*TASK INSTRUCTIONS*.
Write out each record below exactly, without pictures.

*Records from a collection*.
********

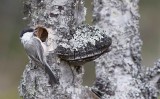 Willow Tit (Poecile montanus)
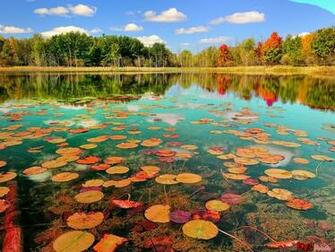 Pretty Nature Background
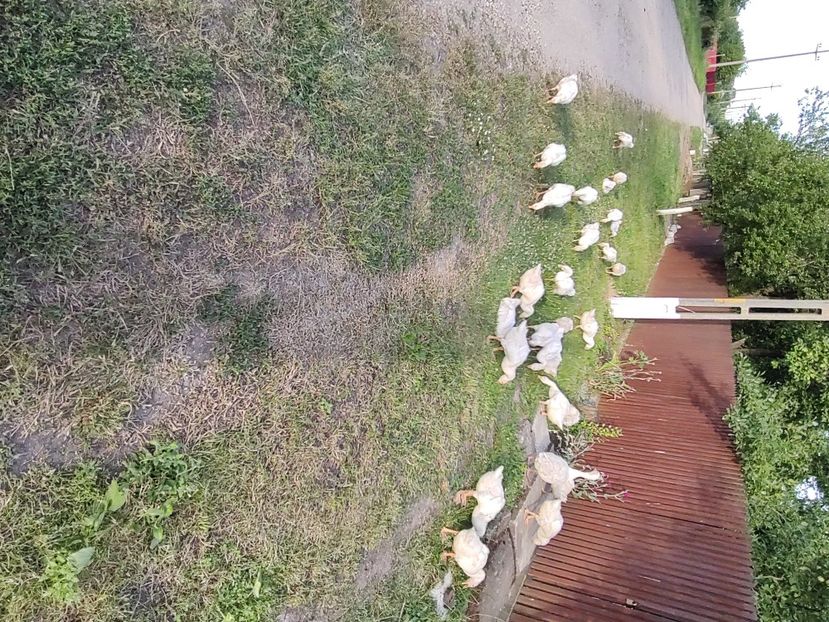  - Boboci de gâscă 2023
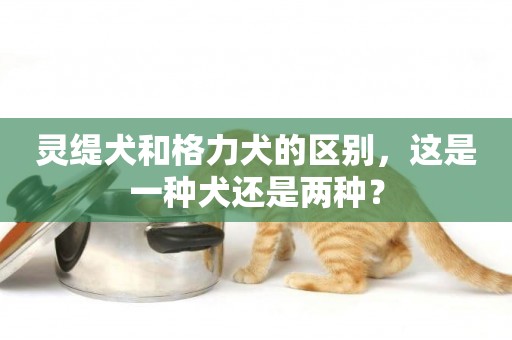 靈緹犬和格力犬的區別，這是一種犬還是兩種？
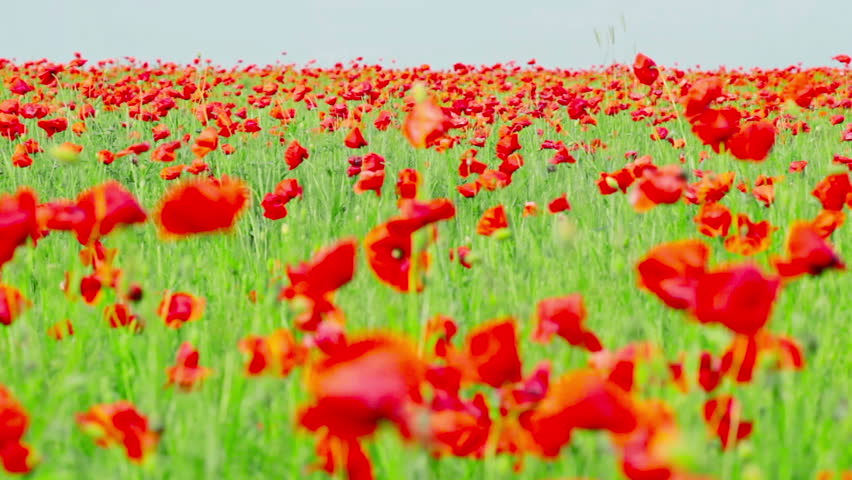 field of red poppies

********

*FINISHED EXERCISE*.
 Willow Tit (Poecile montanus)
 Pretty Nature Background
  - Boboci de gâscă 2023
 靈緹犬和格力犬的區別，這是一種犬還是兩種？
 field of red poppies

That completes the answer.